◆ Dataset content:
....

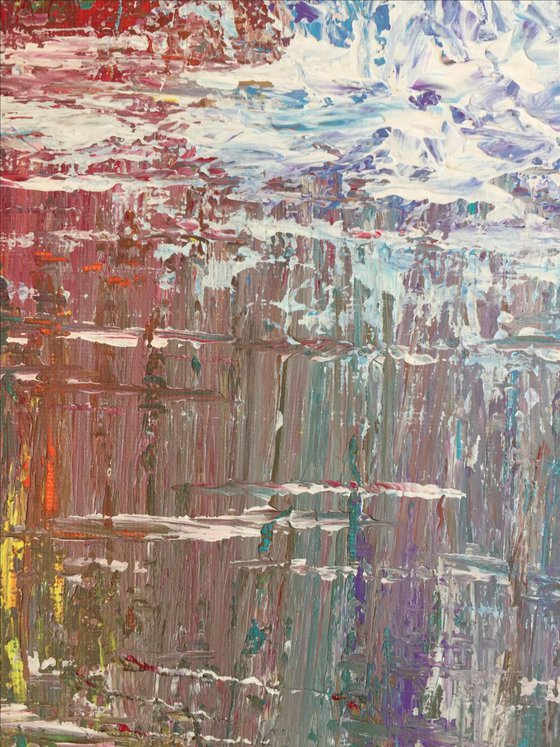 Waterfall-Impressionistic Acrylic Painting-Ready to Hang-Muted Collection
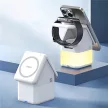 Duzzona W20 15W 4in1 indukciós töltő iPhone/AirPods/Apple Watch éjszakai lámpával, fehér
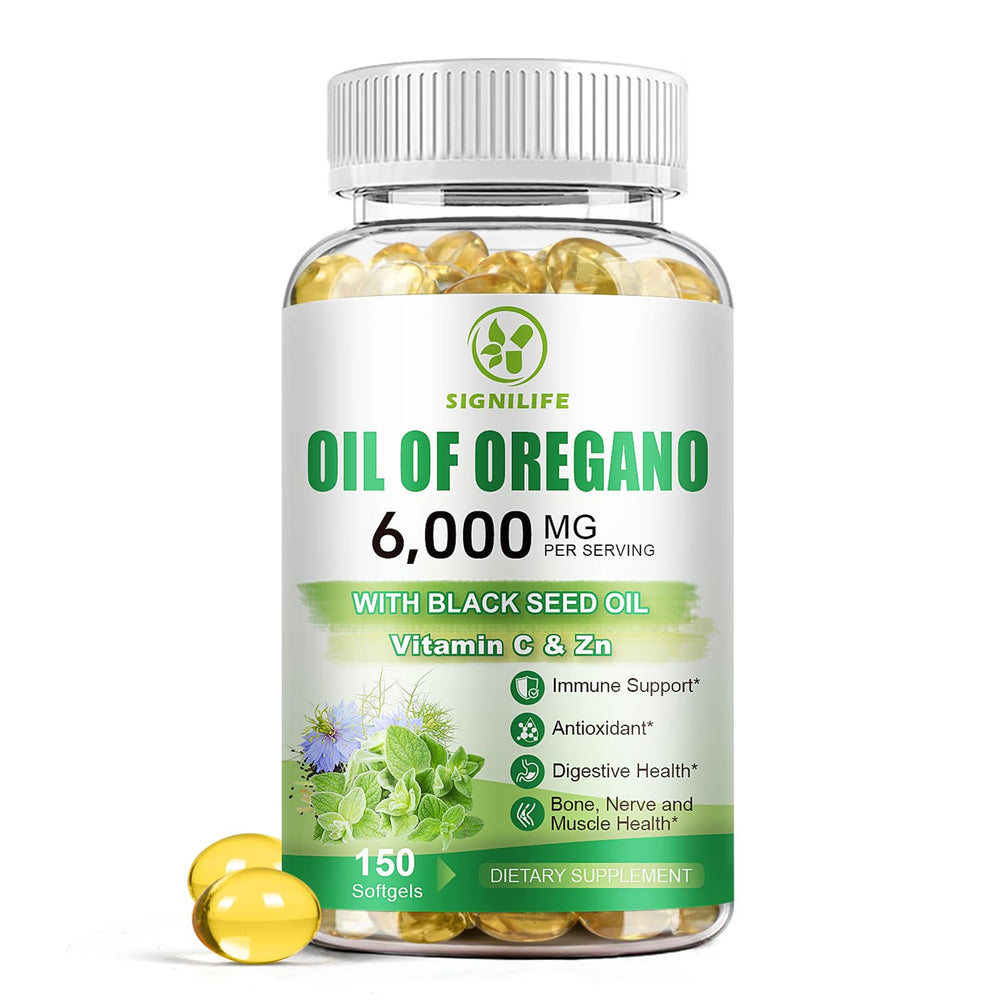 SIGNILIFE front packaging showing bottle and supplement benefits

....

◆ Task details: Pictures do not belong in the copy. Reproduce the rest of the data exactly.

◆ Task solution:
 Waterfall-Impressionistic Acrylic Painting-Ready to Hang-Muted Collection
 Duzzona W20 15W 4in1 indukciós töltő iPhone/AirPods/Apple Watch éjszakai lámpával, fehér
 SIGNILIFE front packaging showing bottle and supplement benefits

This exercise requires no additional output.